I have 3 sons, a teenager, a 26 month old and an 11 and a half month old. During my maternity leave with my youngest son, the company I worked for was sold and there were several redundancies 2 weeks before christmas, of which I was not included thankfully. Between christmas and now, our previously medium sized company has more than halved in size as people have fled for the exits, our 8 man team is now down to 3 senior members of which I am included. When I was sent my new contract I requested that my job title be updated to 'Senior' in order accurately reflect my responsibilities and experience. I discussed with my manager that I had done so and he expressed shock that I didn't already have the 'Senior' title as the business owner had been using that title on our website and when introducing me to clients for some time.

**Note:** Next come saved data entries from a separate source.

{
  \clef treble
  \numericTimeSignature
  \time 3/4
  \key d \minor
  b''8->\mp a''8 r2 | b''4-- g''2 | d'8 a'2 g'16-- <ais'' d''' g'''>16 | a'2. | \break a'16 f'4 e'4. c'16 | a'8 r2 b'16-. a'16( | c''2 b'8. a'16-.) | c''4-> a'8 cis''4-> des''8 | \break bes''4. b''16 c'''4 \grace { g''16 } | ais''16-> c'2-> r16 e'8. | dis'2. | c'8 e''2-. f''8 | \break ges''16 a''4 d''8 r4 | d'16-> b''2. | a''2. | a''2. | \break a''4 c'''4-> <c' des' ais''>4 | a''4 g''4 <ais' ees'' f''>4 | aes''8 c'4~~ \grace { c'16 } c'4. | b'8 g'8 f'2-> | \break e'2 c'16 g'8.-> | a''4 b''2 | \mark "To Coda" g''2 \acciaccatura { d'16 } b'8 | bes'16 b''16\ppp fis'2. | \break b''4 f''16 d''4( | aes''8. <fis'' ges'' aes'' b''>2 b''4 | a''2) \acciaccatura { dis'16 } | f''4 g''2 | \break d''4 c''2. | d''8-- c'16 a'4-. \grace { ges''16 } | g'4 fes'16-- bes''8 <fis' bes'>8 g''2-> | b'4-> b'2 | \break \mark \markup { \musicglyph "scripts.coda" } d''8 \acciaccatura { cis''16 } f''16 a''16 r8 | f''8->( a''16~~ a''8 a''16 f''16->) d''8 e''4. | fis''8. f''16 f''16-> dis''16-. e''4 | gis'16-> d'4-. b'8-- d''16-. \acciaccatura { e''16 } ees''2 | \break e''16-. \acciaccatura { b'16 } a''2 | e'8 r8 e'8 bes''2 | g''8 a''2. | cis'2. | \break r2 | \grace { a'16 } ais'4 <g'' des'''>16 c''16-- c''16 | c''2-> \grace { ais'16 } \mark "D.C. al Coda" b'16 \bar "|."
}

After returning to work in April I was feeling exceptionally confident about the future and my career, however my manager 'unintentionally' shattered by confidence less than a week back to work. I was asked to perform an integration of one of my new companies products into ours and required more information from the external team in order to begin the work as my investigations were proving fruitless. My manager and I have always had a great relationship and my husband and I were invited to his wedding several years go. I informed my manager I would work on a smaller task whilst I waited for the external team to come back to me and after discussing the reasons why I needed this information I was told "You have asked to have your job title updated, that job title requires that you are able to work autonomously". I was shocked and upset that he threw my job title in my face as I had only told him about my request to have it updated as a friend in private conversation. I confronted him the following day as I was feeling extremely stressed and hurt at his behaviour, especially as I had been working autonomously and reached a dead end beyond psychic ability, he explained why he had said what he had and when I asked him why he thought I was so upset by what he said, his response was "I thought you had taken on too much and couldn't cope". At this point I highlighted that at no point have I ever been unable to cope with my job, and given that I had been out of work on maternity leave for 9 months, I had expected him to be more understanding given that I had to reacclimate to being back in the office and also being in what was effectively a new company with all the new processes.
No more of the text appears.